What inspired you to write Kiss Carlo, a post-war family drama set in South Philadelphia?
My novels begin with a memory, or wanting to hold on to a memory of someone or something. In this particular instance, I was obsessed with a telegram my grandfather received in 1942. The telegram inspired me to go to Italy, to the town of the same name, from where his parents had emigrated. As I followed the steps of his family, I ended up in glorious South Philly, New Jersey (the shore is the Italian American Rivieria) and into New York City in the infancy of the golden age of television. The story began as a upbeat character study of an orphan adopted into a big Italian family who comes home after World War II and upends his life. Soon, at the behest of my editor, it became a sprawling epic, that defined this family in the post war culture in America.
Let’s talk about the time period of Kiss Carlo. How much research did you do in order for the novel to ring true with your readers?
I love to write historical fiction because of the research. I have a instinct for it; I’m the nosy one in my family. As I immerse myself in the time period, I study all aspects of it. For Kiss Carlo, you will be delighted if you love cars and hats of that period. Those two elements seemed to define station in life, aspiration, and definition of success. Your lid and your grid, or so it seemed. I have a deep reverence for our armed forces. So, I wanted to write about that in a meaningful way. The best way to write about the present is to mine history. So, I try my best to do that in totality regarding the world, morals, language and family relationships of my characters. I seek to get it right. And then of course, I let the spiritual element do the rest- and that’s significant.

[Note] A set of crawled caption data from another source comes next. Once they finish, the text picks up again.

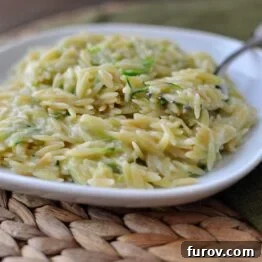Close-up of Toasted Orzo with Peas and Parmesan, garnished with herbs.
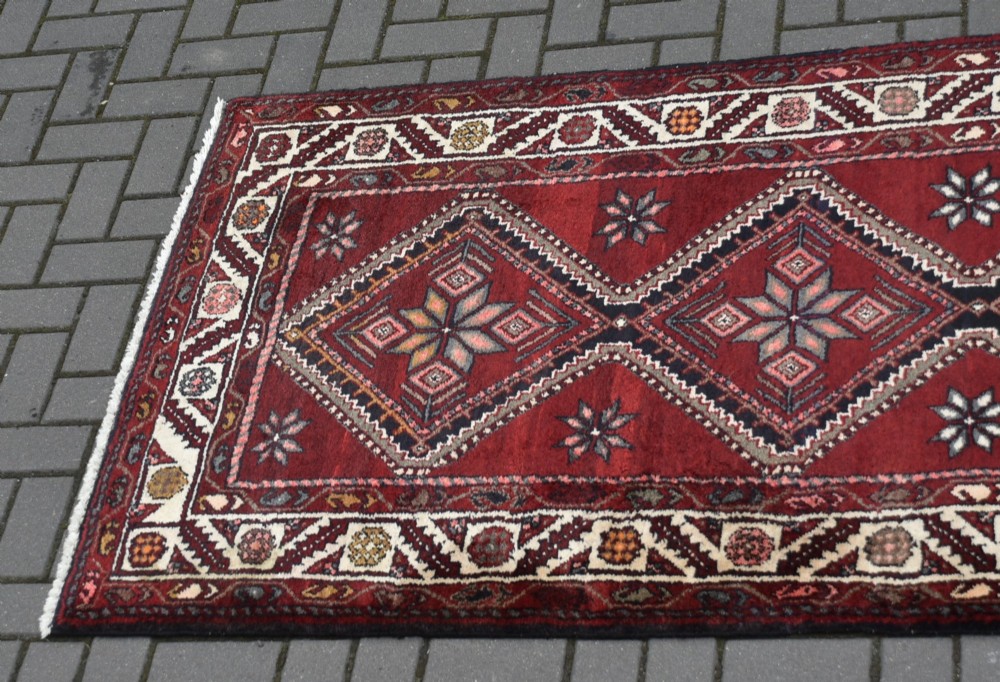 A long handwoven wool runner rug featuring five central diamond medallions on a dark red ground with geometric borders. View IV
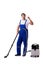 The man in coveralls doing vacuum cleaning on white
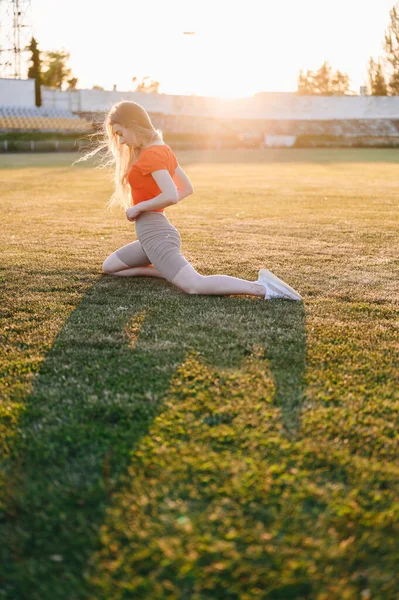 穿着运动服的年轻女子在草地上做伸展运动 女孩在晚上锻炼 前夜之光中的女孩夏天的黄金时光阳光下金丝雀中的运动员 — 图库照片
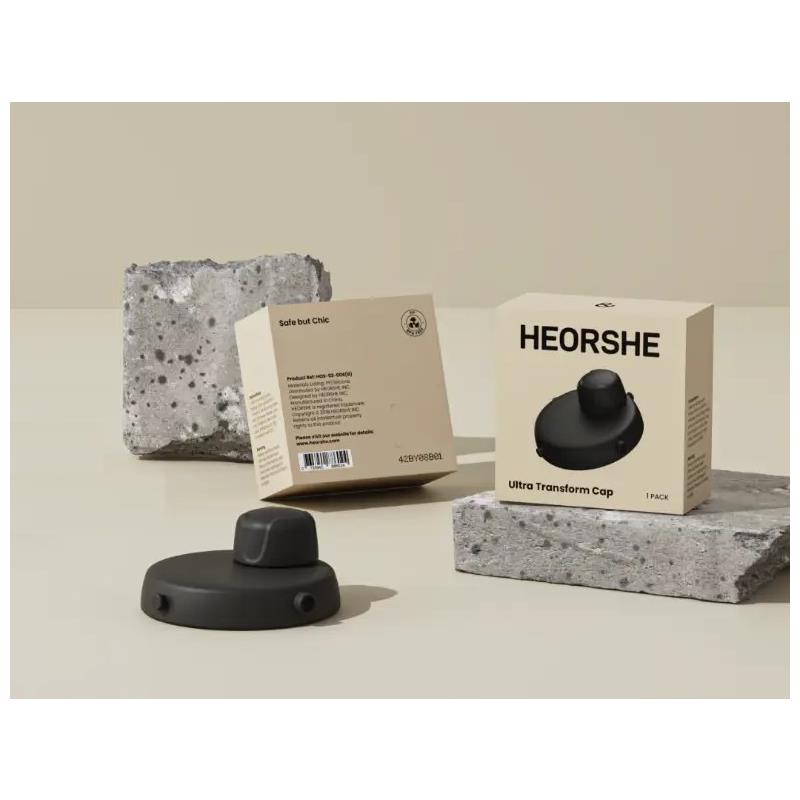 Black Heorshe Ultra Transform Cap displayed next to its packaging on a textured surface with concrete blocks.
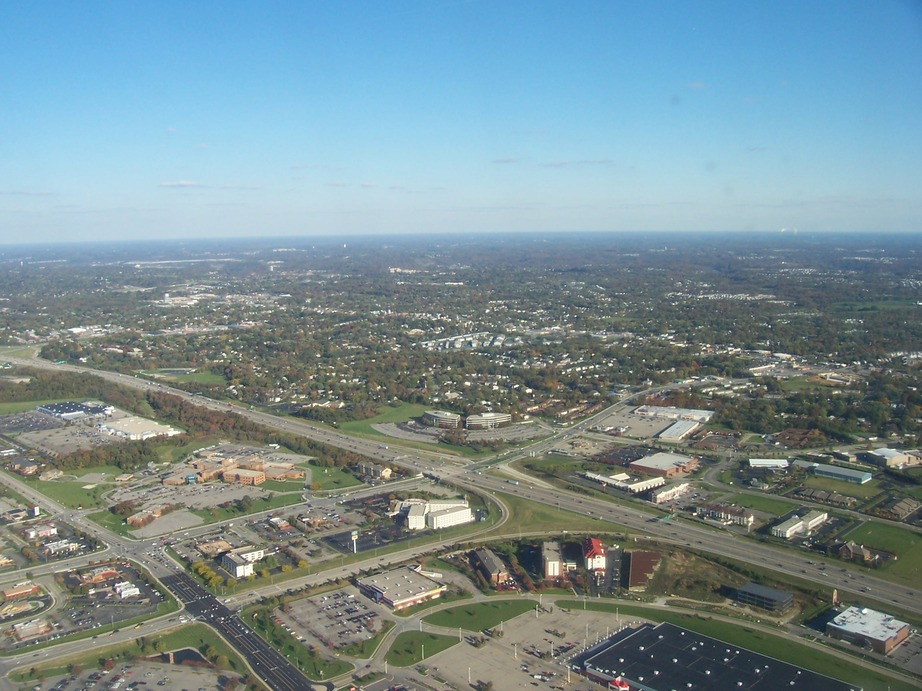 Florence, KY: An aerial shot of the interchange of Turfway Road and I-71/75. The white buildings arranged in a triangle are a Hilton hotel, and to the left, the cluster of orange buildings is St Luke Hospital West.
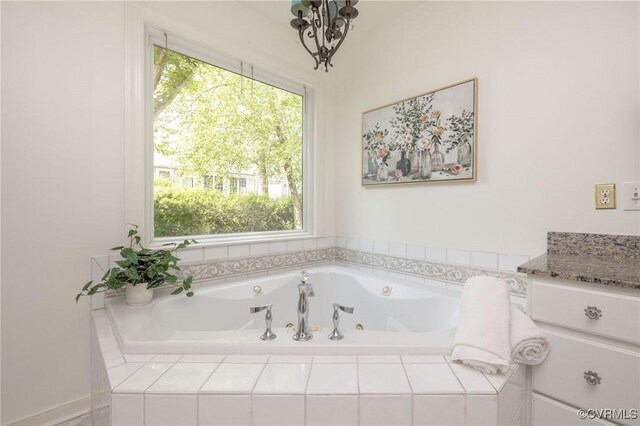 full bathroom with a whirlpool tub and a chandelier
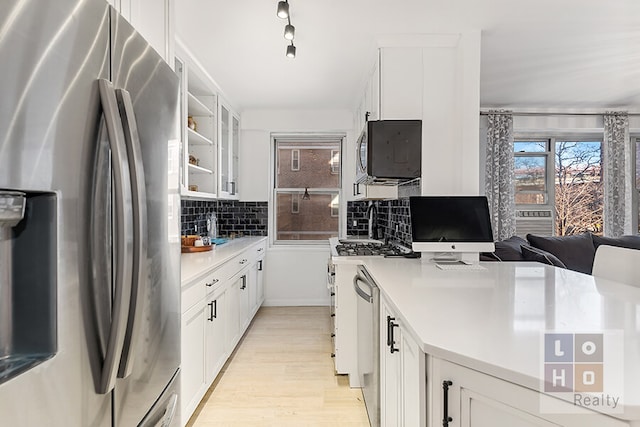 kitchen with appliances with stainless steel finishes, white cabinets, decorative backsplash, and light countertops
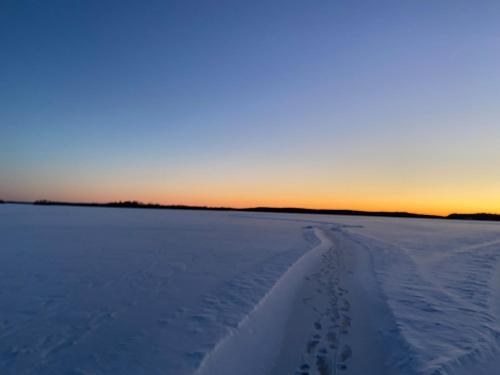 a snow covered field with footprints in the snow at 4 bedroom house close to nature and adventure in Hulu
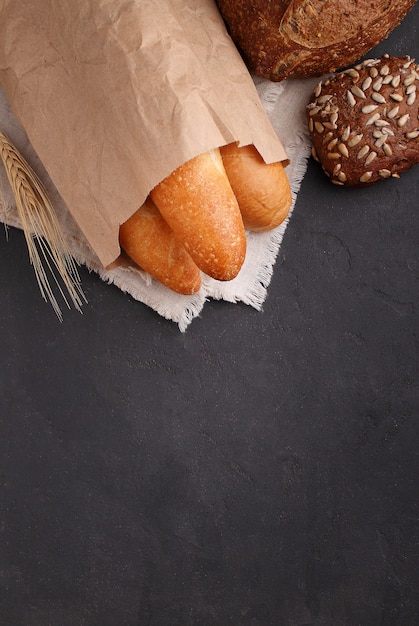 Pane bianco, grigio e di segale, baguette, rotolo con semi di sesamo su sfondo nero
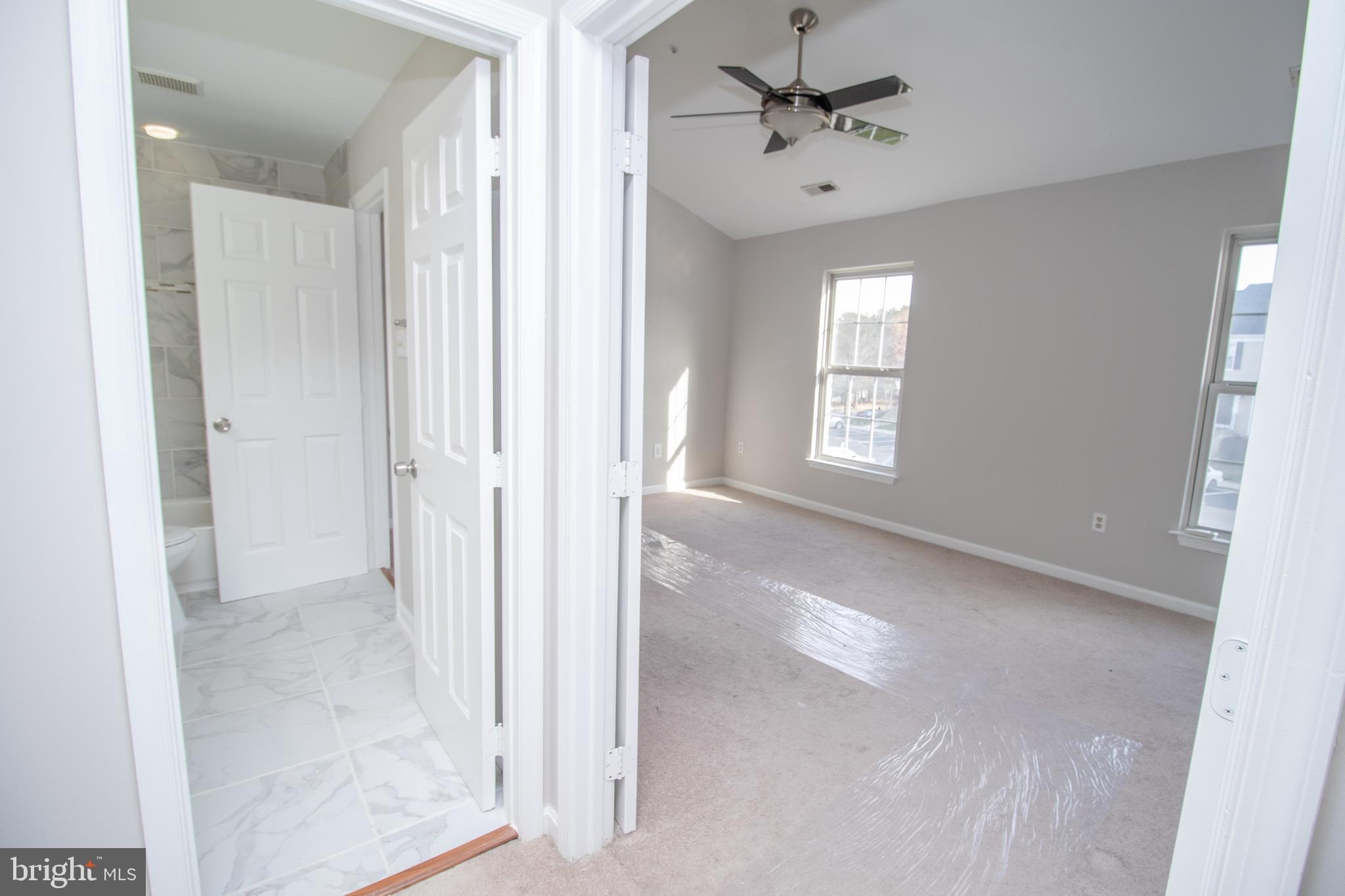 7708 Scatteree Road Severn, MD 21144 - Photo 28 of 41 a view of an empty room with a window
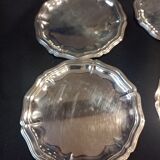 Four silver metal bottle bottoms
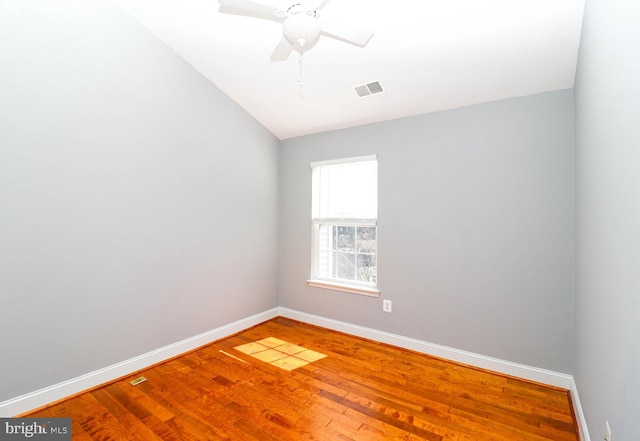 spare room featuring a ceiling fan, baseboards, visible vents, and wood finished floors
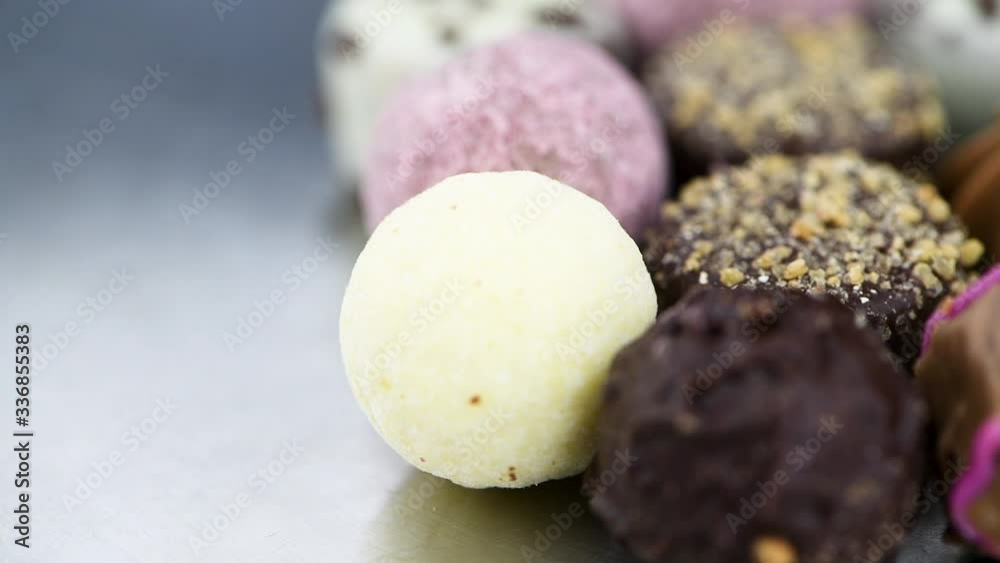 Pralines on a rotating plate (close-up; seamless loopable) Pralines on a rotating plate (close-up; seamless loopable)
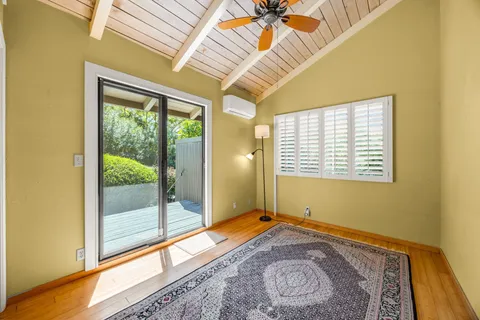 a view of a patio with table and chairs potted plants and floor to ceiling window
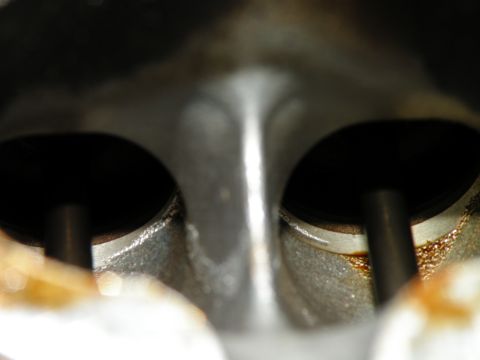 1998 Subaru Legacy - Close-up view of an engine cylinder head, showing two valves and signs of wear.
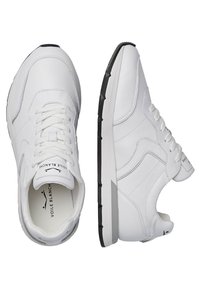Weiße Sportsneaker mit einem glatten, synthetischen Obermaterial, runder Zehenpartie, strukturiertem Sohlenbereich und Schnürsenkeln. Sie verfügen über eine schwarze Außensohle und subtile Branding-Details.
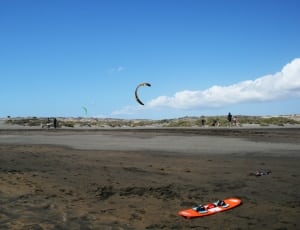 orange and green wake board and kite surfing thumbnail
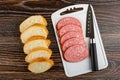 Slices of bread on wooden table, kitchen knife, slices of cervelat on cutting board. Top view Royalty Free Stock Photo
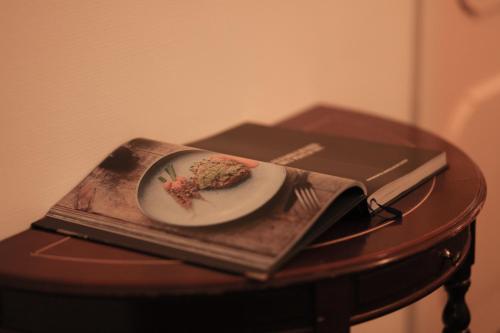 a plate of food on a table with a book at Villa-Hotel De Kroon Gennep in Gennep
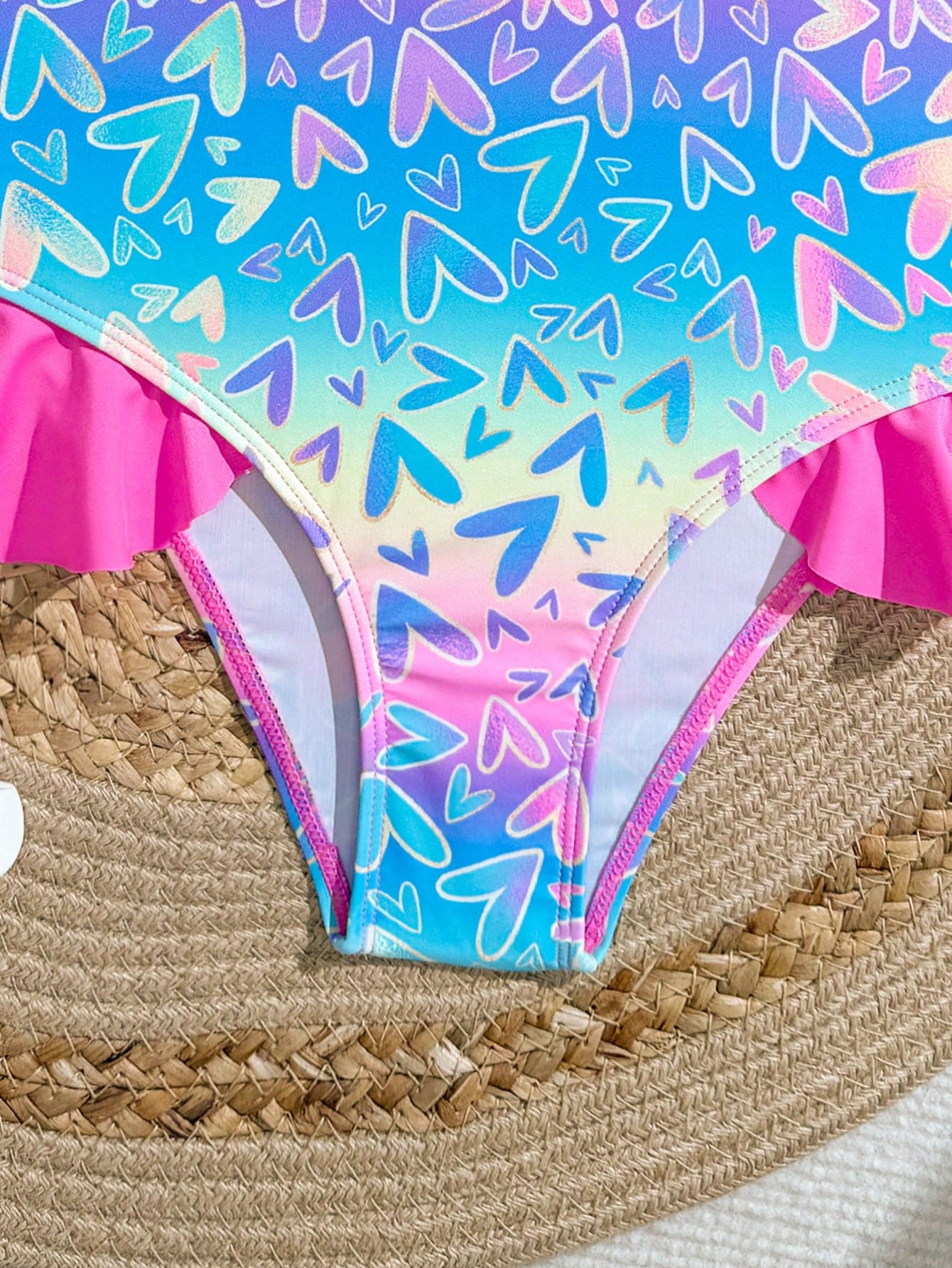 Tween girl plaid all-over print one-piece swimsuit with ruffle detail, spaghetti straps, fitted shape, and multicolor patchwork style for beach or pool wear.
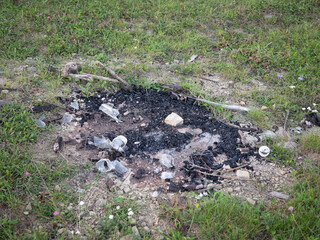 Abandoned campfire with ashes, charcoal, burnt wood and plastic waste on grassy ground, showing pollution and environmental damage in nature.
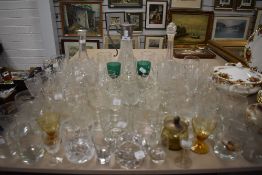 A selection of clear cut wine cordial and whiskey glasses also claret jug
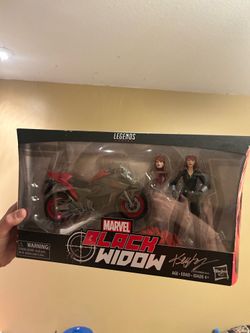Black widow figure and box signed by box artist Ken lashley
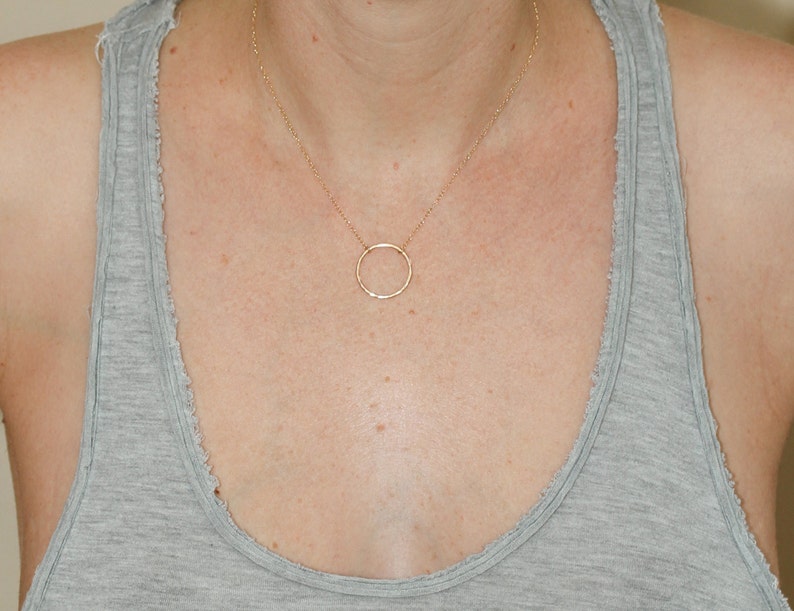 May include: A simple gold circle pendant necklace on a person wearing a grey tank top.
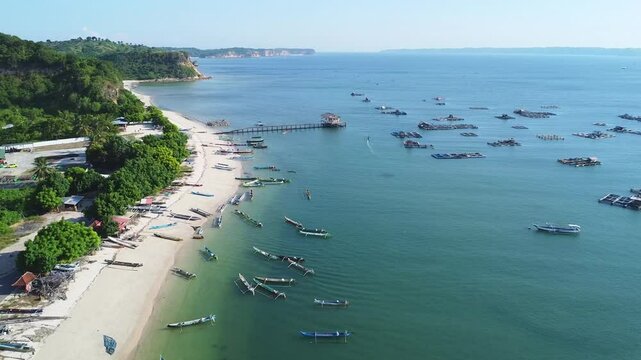 Aerial View of Coastal Village with Fishing Boats and Beach Ekas Lombok, Indonesia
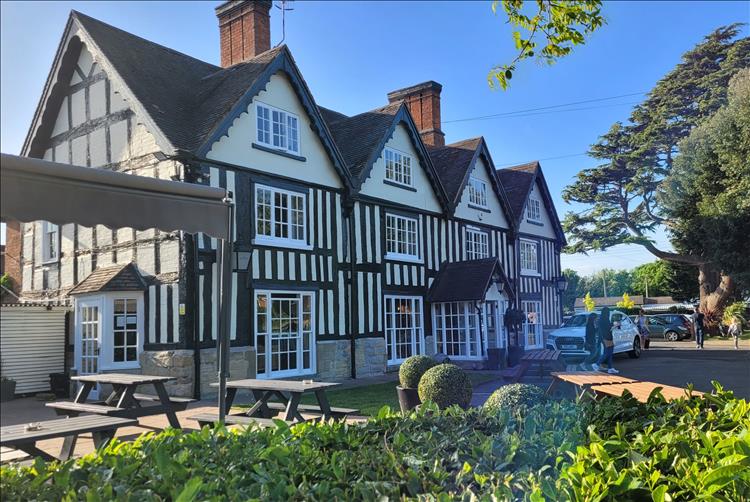 A large timber framed building set in a modern car park with gardens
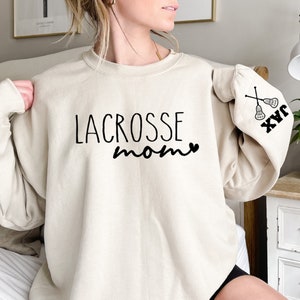 May include: A cream-colored sweatshirt with the text "LACROSSE mom" and a heart on the front. The left sleeve has a lacrosse stick graphic and the text "JAX" on the cuff.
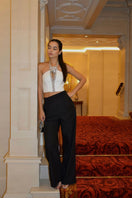 White Cult Mia X Nué Studio rose corset top, featuring structured design and adjustable straps, displayed on a mannequin.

In Kiss Carlo, Nicky Castone is an orphan living with his uncle and working in the family business. What sparks his decision to leave the fold and venture into the theatre?
I have learned, that faced with mortality, a human being either shrinks back and takes no risks going forward, or takes the gloves off and decides to own his own life. This played into the full rendering of Nicky Castone in this novel- from the first page to the last. Here was a young man who had done the right thing all of his life. He lived in service to a family he was grateful to for having taken him in, risked his life in a just war, and came home. Nicky decided that he wanted to live life on his own terms. Yet he knew if he lived the truth, that it would work out for everyone he loved- or so he hoped. In America, we can dream it, and with nothing we can make it. It’s a great theme in American literature.
How does Nicky’s transformation affect his personal life?
Once Nicky decides to change his life, to move out, to seek his dream and end his engagement, he is truly alone. When we strip away all of the comforts of life, we find out why we were born. When we are honest about what we should be doing with the precious hours of the gift of life, and we follow our calling, seek our bliss and do the job we’re supposed to be doing and love the person we are meant to love, life suddenly is fully realized. We can not find our purpose in any other person- only in our own destiny. As Nicky transforms, it is not without pain and loneliness- it’s a slog- but it’s the slog any person must make to own their own truth.
Finally, are you currently at work on your next project? If so, what can you share with us?
I’m working on a few things- I’m so very very lucky. I am touring with Kiss Carlo, and I am listening. That will determine which of the projects I will pursue in full when I return home. I’m doing this for my dear reader- and that would be YOU.